Indiana coach Mike Davis has been on the hot seat at Indiana since the day he was named as Bobby Knight’s replacement in 2000 and yesterday, he finally broke down and announced that he would resign from his position at the end of this season. In the aftermath, the sports world is pretty divided between those who believe Davis was never given a chance to succeed and others who think that it was his own fault for the dearth of wins at Indiana.
I believe that it was a little of both. It’s always tough to be the successor to a legend – look at the coaching carousel at UCLA since John Wooden left and how North Carolina ran its first two coaches after Dean Smith out of Chapel Hill. What made the Indiana situation even tougher is that while Wooden and Smith retired on their own terms and hand-picked their successors, Bobby Knight was fired to the chagrin of much of the Indiana faithful. That meant Mike Davis had absolutely no margin for error from the fans and resulted in immense and irrational outside pressure.
Regardless of that pressure, however, Davis wasn’t ready to take over the head coaching reigns of any Big Ten-caliber team in 2000, much less replacing a legendary coach at one of the nation’s most storied basketball programs. Even worse, he hasn’t really improved either as a coach on the floor (Indiana not making 3 NCAA Tournaments in a row is unconscionable to Hoosier fans) or as a recruiter (two of the top high school players in the nation – Greg Oden and Eric Gordon – are from Indiana’s backyard of Indianapolis, yet they have committed to Big Ten rivals Ohio State and Illinois, respectively). In the end, like any other program in the country, Indiana judges its coaches by wins and losses and Mike Davis simply didn’t meet the school’s standards.

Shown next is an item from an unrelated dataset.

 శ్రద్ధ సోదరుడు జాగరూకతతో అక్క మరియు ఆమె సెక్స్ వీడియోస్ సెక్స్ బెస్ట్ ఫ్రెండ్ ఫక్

It seems to be a forgone conclusion that Iowa coach Steve Alford is heading to Indiana. The media loves the potential story of a former Hoosier hero swooping in to save the program. However, I believe Alford would be absolutely nuts to leave his current job to go to Bloomington. He’s had pretty much the same record at Iowa as Davis had at Indiana, as in there have been a couple of good seasons sprinkled in with general mediocrity and unfulfilled expectations. For as much pressure as Indiana fans put on Davis, it seemed like they expected him to lose. In Alford’s case, the same pressure would be there along with raised expectations for winning, even though his record doesn’t justify any higher expectations than what they expected out of Davis.

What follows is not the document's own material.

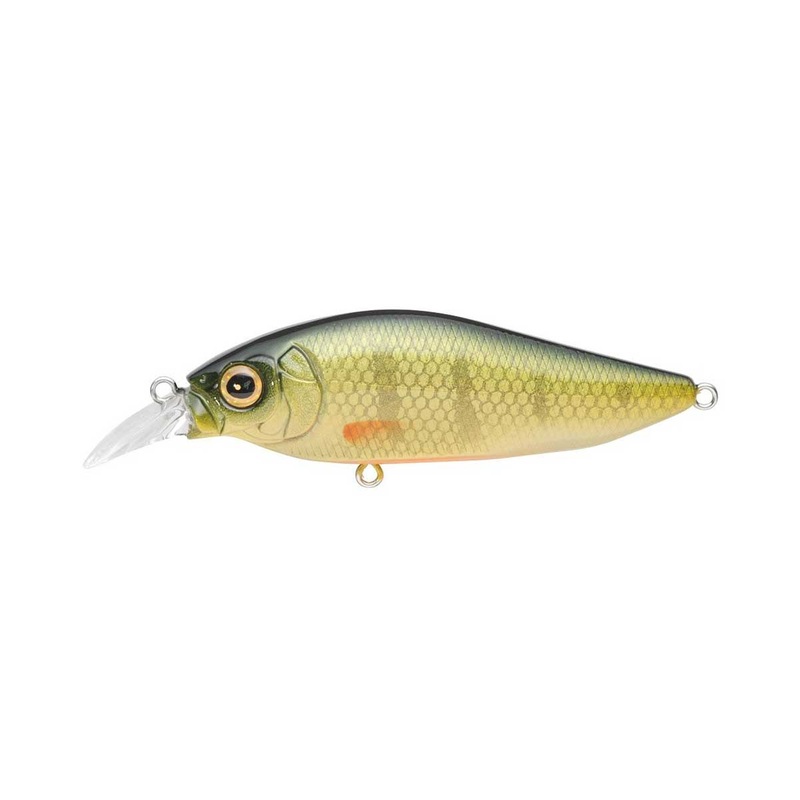 Flap Slap_Perch*|3″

Plus, Alford would be going from a Big Ten school to a rival program in the same conference. In a situation like that, the new program better be a huge upgrade over the old one, which I don’t think is the case at all. Sure, the Hoosiers have the history and the alma mater factor, but for the past decade, Iowa has been at least as good or better of a basketball program as Indiana. So, Alford would be trading his current job for another one that’s essentially a lateral move with a lot higher expectations and pressure. That doesn’t sound like a great deal for Alford.